Nancy Hohmann, M.A.T.'70, is out riding her horse.

Nancy Hohmann

nancy_hohmann.jpgNancy Hohmann, M.A.T.'70, remembers fondly the two summers she spent working as a horseback-riding counselor at a now-closed Vermont camp for special needs children.

"Those summers had a deep influence on me," she says. So deep, in fact, that decades later, after a long career as a foreign language teacher, Hohmann finds herself working in a remarkably similar setting. She discovered Riding to the Top, a therapeutic riding center in Windham, Maine, in 2004 when researching volunteer opportunities in her area. "I was seeking a worthwhile retirement career," she says. After volunteering for two years, she became certified by the North American Riding for the Handicapped Asscociation (NARHA), just a couple of months prior to her retirement.

The transition from teaching to therapeutic riding is a natural one for Hohmann, seeing as the latter combines her love of teaching with her lifelong love of horses. And her past career comes into play often.

"In every facet of teaching at Riding to the Top, I am aided by my public school experience," she says. "Every public school teacher needs a plan A and a kit with plans B, C, D, and sometimes E at the ready. ... With horses, volunteers, and weather conditions affecting the challenged rider/learner at all times, a toolkit of alternative things to do and the flexibility to respond immediately are extremely important."
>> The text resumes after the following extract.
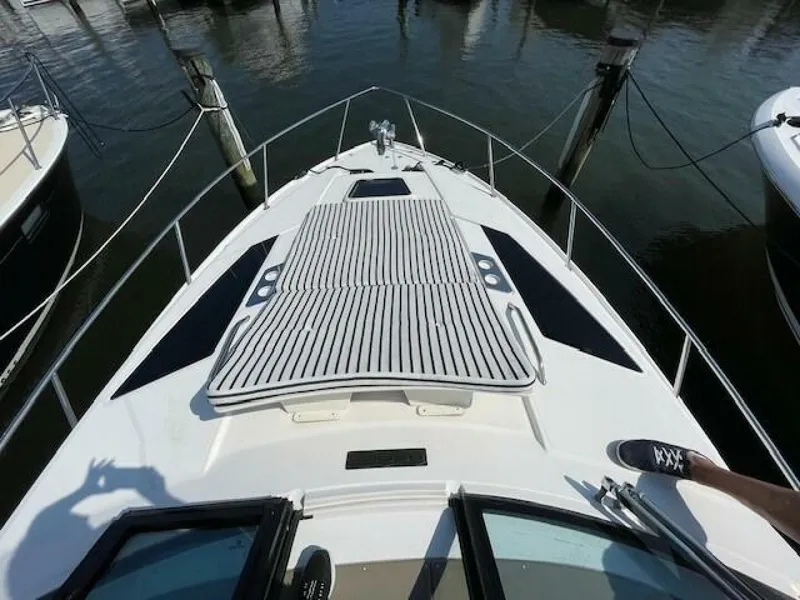 Slide: The Image of Regal 35 SPORT COUPE 2018 - 4865119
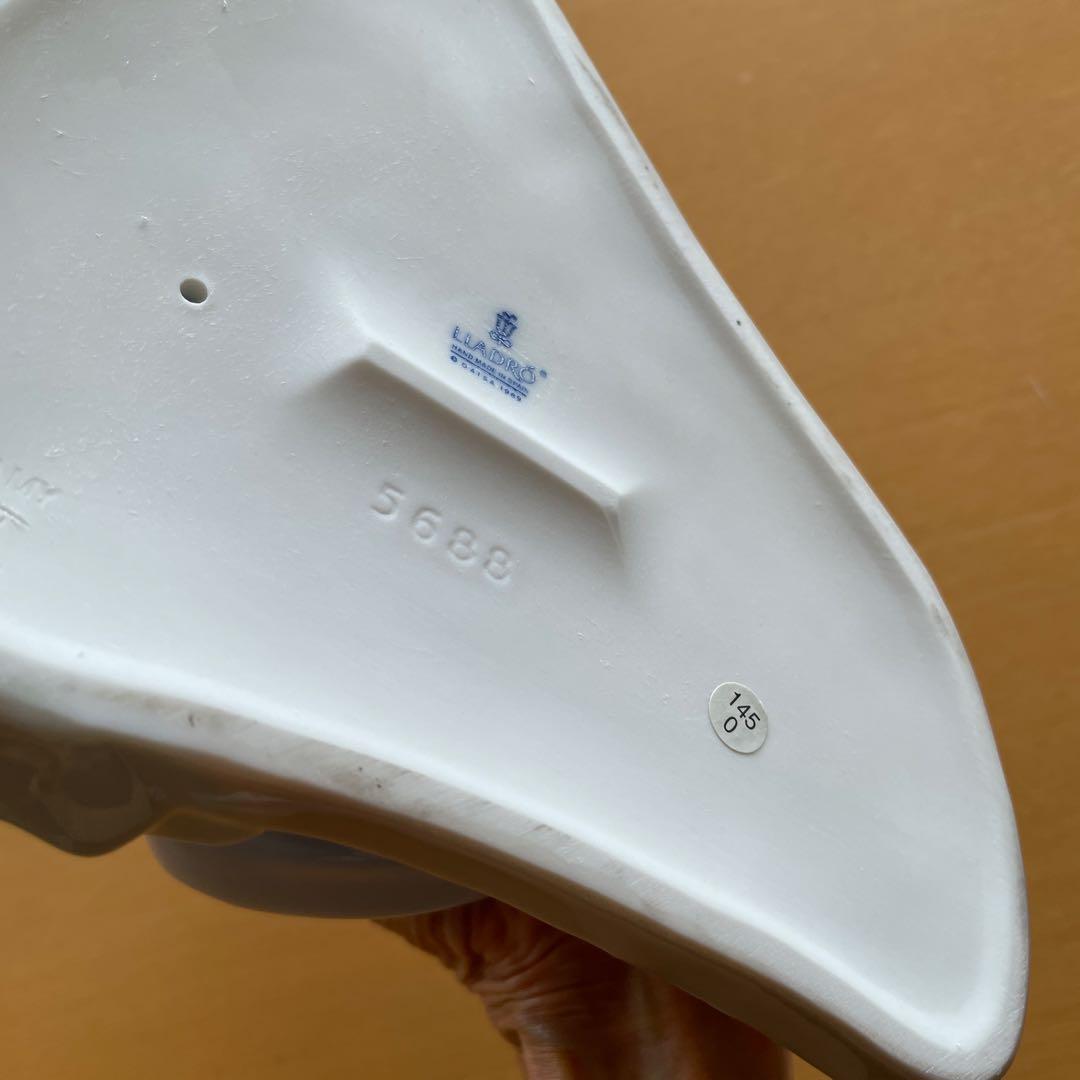 極美品　LLADRO リヤドロ　座っている少女子犬付き　　キズなし破損なし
Riding to the Top welcomes riders with various conditions -- including epilepsy, Asperger syndrome, physical abnormalities, and emotional issues, to name a few -- and Hohmann approaches each with a unique plan and perspective. For all riders she writes behavioral goals and develops lesson plans that will help her to challenge them to meet their potentials. But she is quick to point out that it is the students who truly make their own success. "Mostly, I just get out of the way and let the magic happen," she says.

An example of this magic occurred with a young epileptic rider whose severe learning disabilities in math were causing her problems in learning certain rhythms and routines. "One lesson, I suggested she bring some music and we would work out a freestyle program she could ride to the music," Hohmann says. "She arrived the next week, put a song in the CD player, and proceeded to ride a perfectly choreographed program, stopping in the center of the arena precisely as the music ended. I have never figured out how she did that."

Despite her many success stories, Hohmann reacted with "total disbelief" when she learned that she had been named the 2009 National Instructor of the Year by NARHA. "Winning the regional award was a pretty big surprise, but winning the national was amazing," she says. "It is both humbling and gratifying to know I am making a difference."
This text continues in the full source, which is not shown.